Bir ala siyahım bu günlerde
bir yanım tomur tomur çiçek açıyor
bir yanım hazanı çoktan geçmiş, yerlerde sürünüyor.
Tan yeri ağarırken bende, pembe kızıl, ufuktan gülümsüyor güneş, ışıl ışıl.
Hiç batmayacak gibi gencecik göz kırpıyor dünyaya.
Ama nerede göz açıp kapayana dek sürmedi bu güzelim duygular.
Ardından gökyüzü kurumsu bir siyahlığa büründü sanki doğacak kötüye gebe.
Hortumlar kasırgalar patlak veriyor ardından.
Bir yanım günlük güneşlik, bir yanım kar boran.
Damarlarımda yaşama dair ılık ılık kanım gezinirken,
bacaklarım buz kesiyor sanki kutuplar içimde saklı.
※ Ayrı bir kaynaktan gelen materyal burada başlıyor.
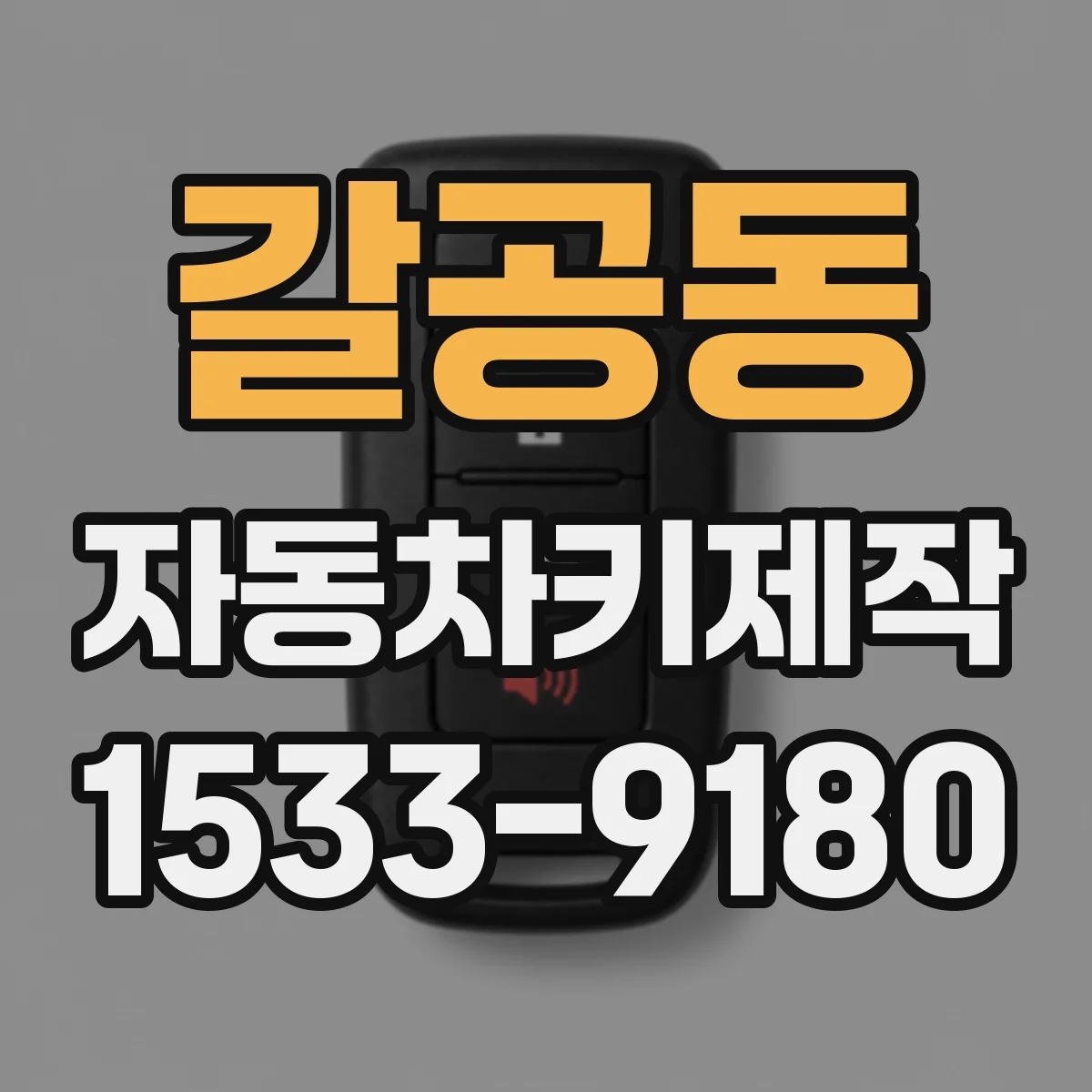 갈공동 자동차키제작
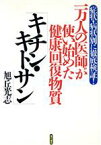 【中古】 一万人の医師が使い始めた健康回復物質「キチン・キトサン」 症状・病状別に徹底検証！／旭丘光志(著者)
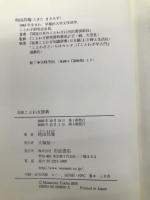 岩波 ことわざ辞典 岩波書店 時田昌瑞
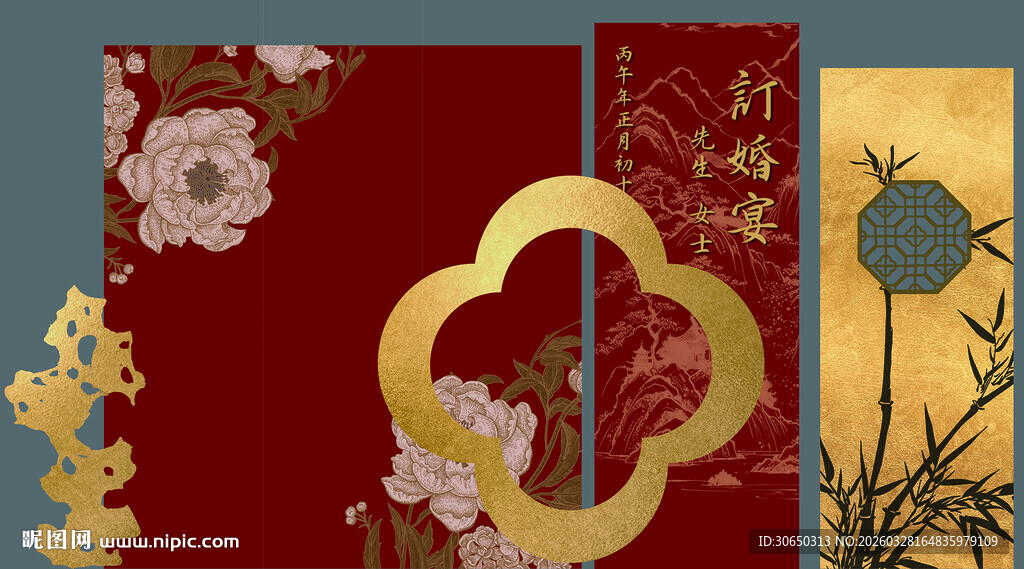 中式传统花纹装饰图案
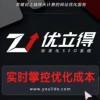 推荐郑州SEO公司|河南中搜供应有品质的网站优化服务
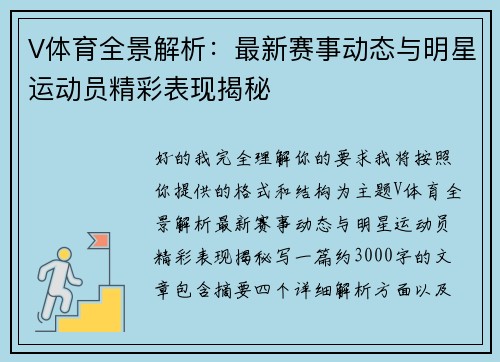 V体育全景解析：最新赛事动态与明星运动员精彩表现揭秘
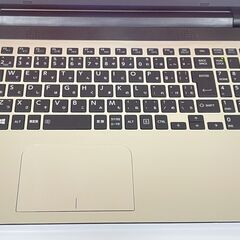 美品　東芝　dynabook　Full HD 15.6インチ  高性能Core i7　8GB　新品SSD256GB　 Bluetooth　Blu-ray　Office2019の画像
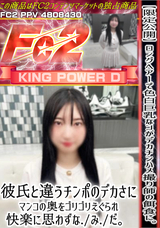 FC2 【限定公開】ロングヘアーで色白巨乳なコがデカチンハメ撮り師の餌食に。彼氏と違うチンポのデカさにマンコの奥をゴリゴリえぐられ快楽に思わずな./み./だ。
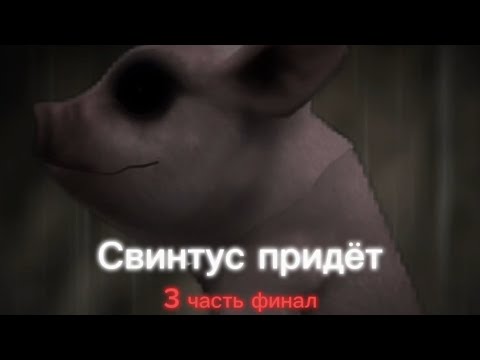 Видео: °Страшилка WildCraft° •Свинтус придёт• °3 часть° Финал WorldBegemotKot
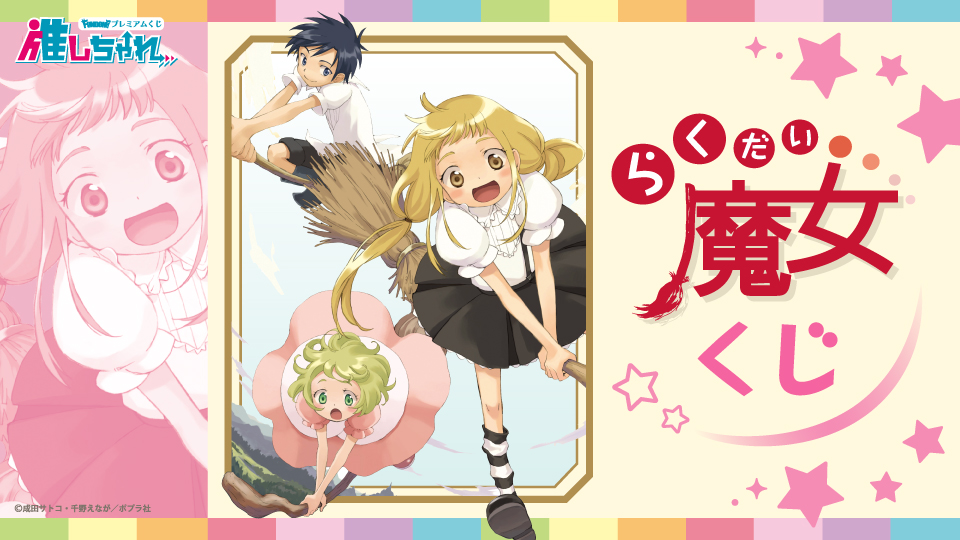 ハニヴ テオ ちゃれくじ ハニヴ テオ ちゃれくじ ハニヴ テオ ちゃれくじ Honey Vibes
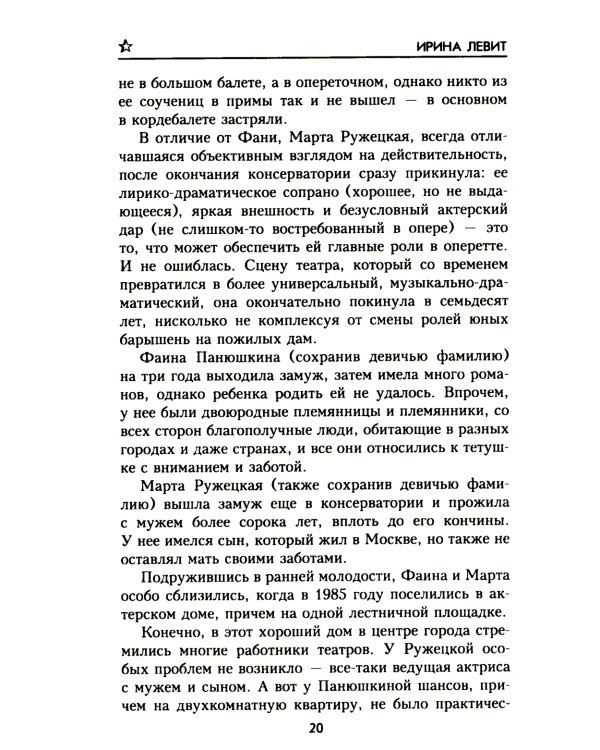 Дочь Ивана Грозного: роман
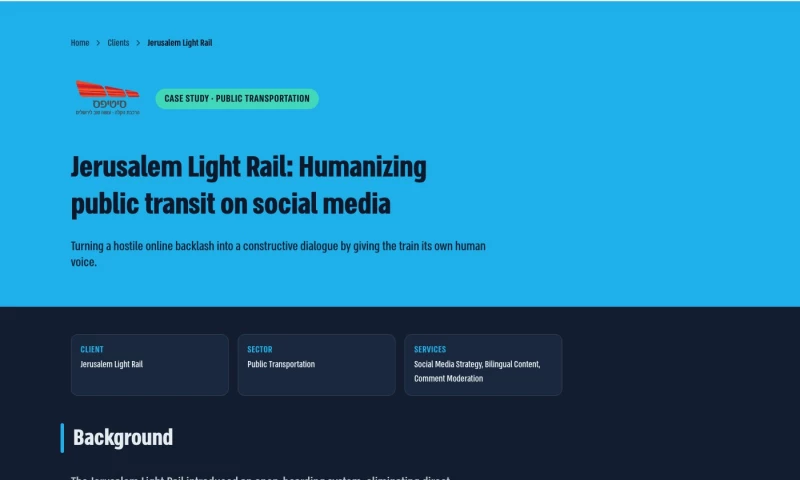 Mashrokit Digital - Jerusalem Light Rail: Humanizing Public Transit on Social Media
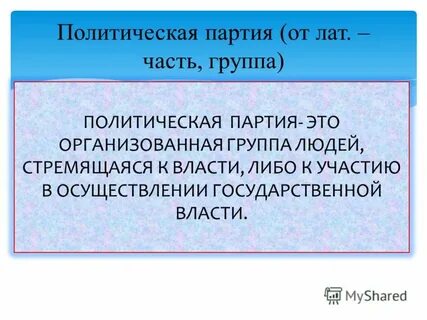 Орг это
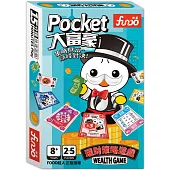 POCKET大富豪：適合年齡：8歲以上 培養反應+策略+邏輯+數理+理財，讓大人小孩都愛玩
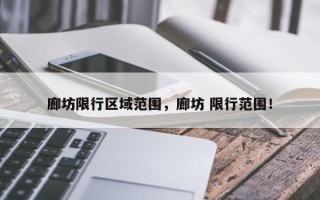 廊坊限行区域范围，廊坊 限行范围！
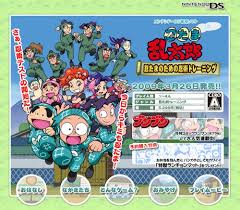 本作は，人気アニメ「忍たま乱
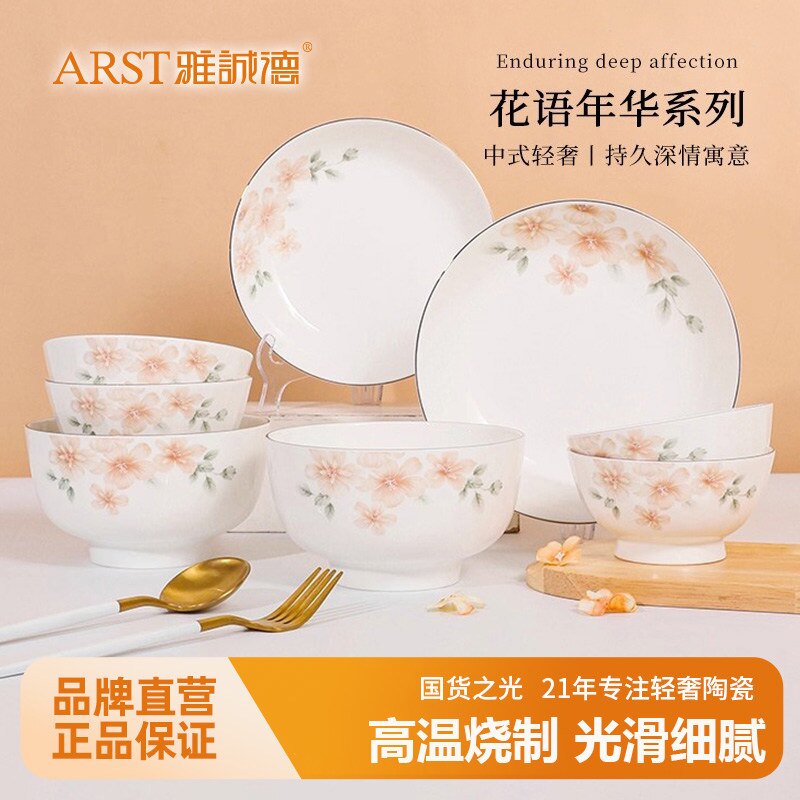 雅诚德新中式陶瓷碗盘碟碗家用2026新款高颜值餐具套装乔迁送礼图片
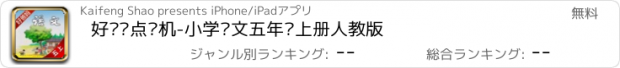 おすすめアプリ 好爸妈点读机-小学语文五年级上册人教版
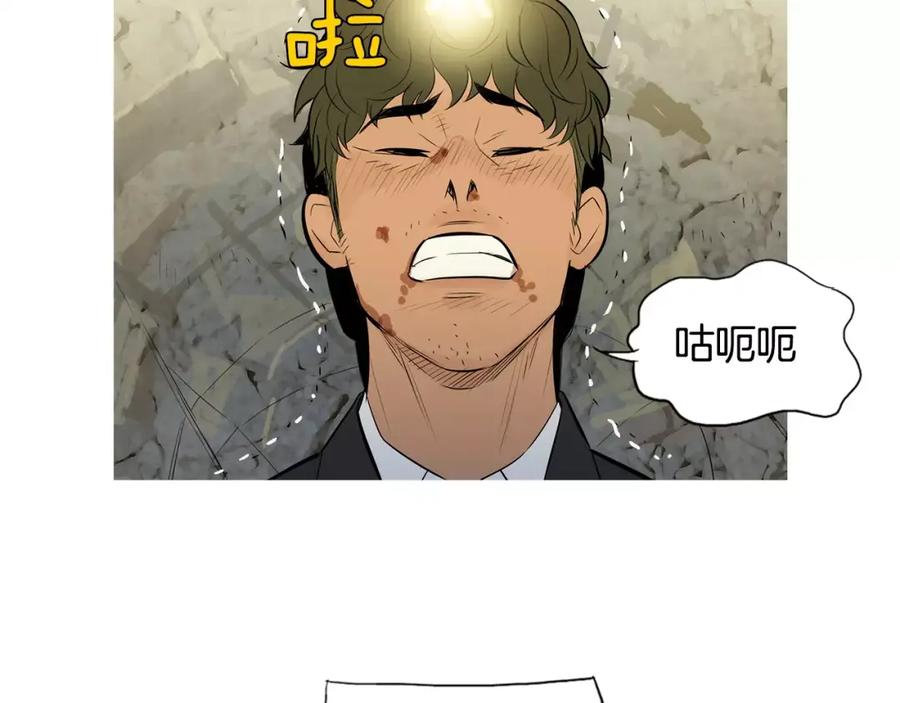 《超感追踪》第55话 料到你会如此 第43页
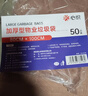 心織垃圾袋大號加厚80*100cm單面1.5絲平口50只物業(yè)商用黑色塑料袋 曬單實(shí)拍圖
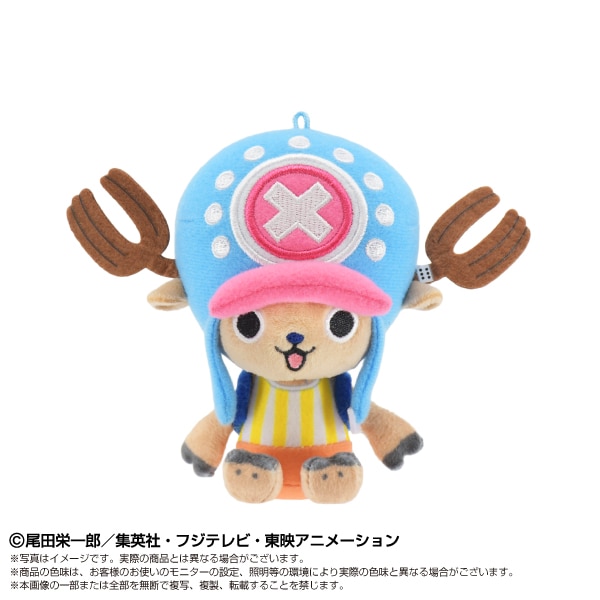 ONE PIECE】PlayCharm トニートニー・チョッパー | ONE PIECE | shopぬい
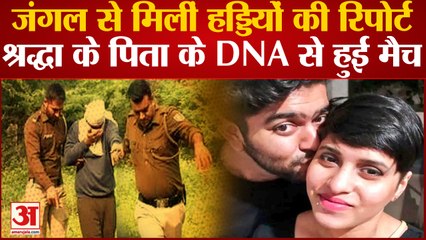 Shraddha Murder Case: जंगल से मिलीं हड्डियों की रिपोर्ट Shraddha के पिता के DNA से हुई मैच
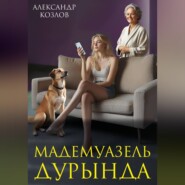 Мадемуазель Дурында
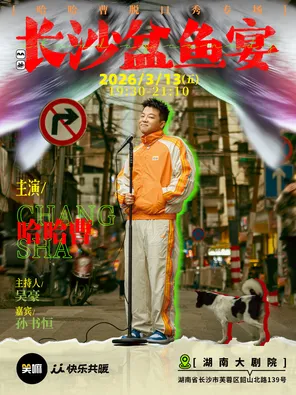 【长沙】哈哈曹脱口秀专场《长沙盆鱼宴》·长沙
Öyle darmadağınım ki çarkıfelek halt etmiş yanımda.
Başımın içinde binlerce davul sesi deccal çıktı sanki kıyamet kopacak.
Başımı kaldırıp sersem sepelek etrafımı saran insan ve insanlıktan nasibini almamış müsveddelerin yüzlerine bakıyorum...
İçleri güzelliklerle donanmış iyi insanlar
çiçek çiçek miski amber saçıyorlar etraflarına.
Bana bakıyorlar gülümsüyorlar iyilik güzellik dolu.
Arkamı dönüyorum ki
şeytani bakışlı ağızlarından etraflarına kan irin saçan,
gözlerinden haset kin nefret fışkıran,içlerindeki ateşi makinalı tüfekle rastgele etrafa boşaltan yüzler,dudaklarımı uçuklatıyor.
Tüylerim diken diken olup canımı yakıyor beynim allak bullak işlevlerini yerine getiremiyor sanki harfler duyular sözler beynimde dans ediyor delicesine bir müzik eşliğinde.
Kulaklarımı gözlerimi kapatıyorum görmemek duymamak için ama nafile.
Öyle bir durumdayım ki ! Ne kimseyle, ne de kendimle konuşasım yok. Suskunluğun kitabını yazmak suskunluğumla Nobel'e aday olmak istiyorum.
Kendimi tanıyamıyorum, tanımakta istemiyorum açıkçası, işte öyle bir ala siyahım bugünlerde ne olduğumu bilemeden.